Khan found MICCAI an enriching experience. “The opportunity to engage with experts and learn about the latest developments in my field has equipped me with new algorithms and cutting-edge techniques. The experience has expanded my knowledge and will undoubtedly shape the future of my work,” he said.
Medical Image Processing Lab (MIP)
Graduate student Yubo Fan echoed Khan sentiment. “Attending MICCAI in person and presenting our work there was a fantastic experience,” he said.
“I was especially impressed by the exceptional quality of cutting-edge research showcased at the conference. It was really nice to see that there are many interesting problems to solve in this field. The opportunity to network with other researchers in academia and industry was also invaluable.”
Fan presented during a workshop and poster session. Workshop paper title: “A Unified Deep-Learning-Based Framework for Cochlear Implant Electrode Array Localization. ”Poster title “CT Synthesis with Modality-, Anatomy-, and Site-Specific Inference.”

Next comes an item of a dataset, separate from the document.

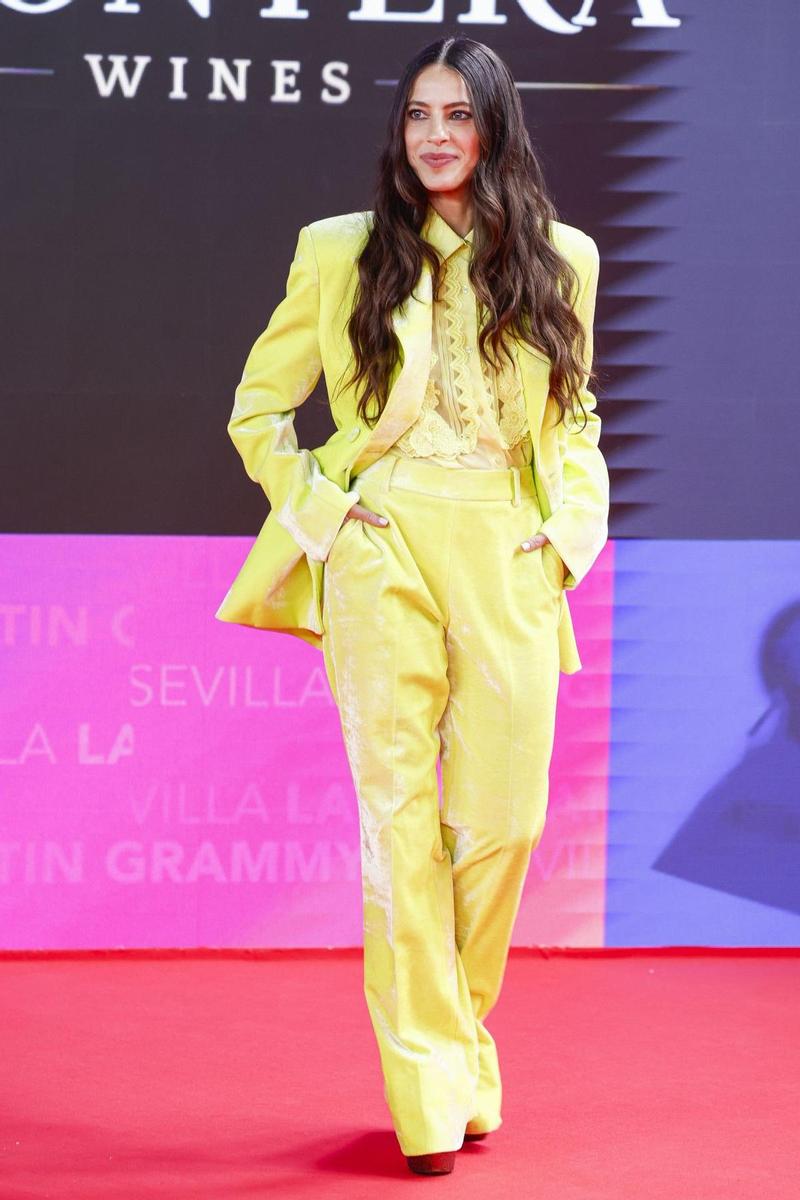 Debi Nova en la alfombra roja de los Latin Grammy 2023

The Vanderbilt Institute for Surgery and Engineering (VISE) is an interdisciplinary, trans-institutional structure designed to facilitate interactions and exchanges between engineers and physicians. Its goal is to become the premier institute for the training of the next generation of surgeons, engineers, and computer scientists capable of working symbiotically on new solutions to complex interventional problems, ultimately resulting in improved patient care.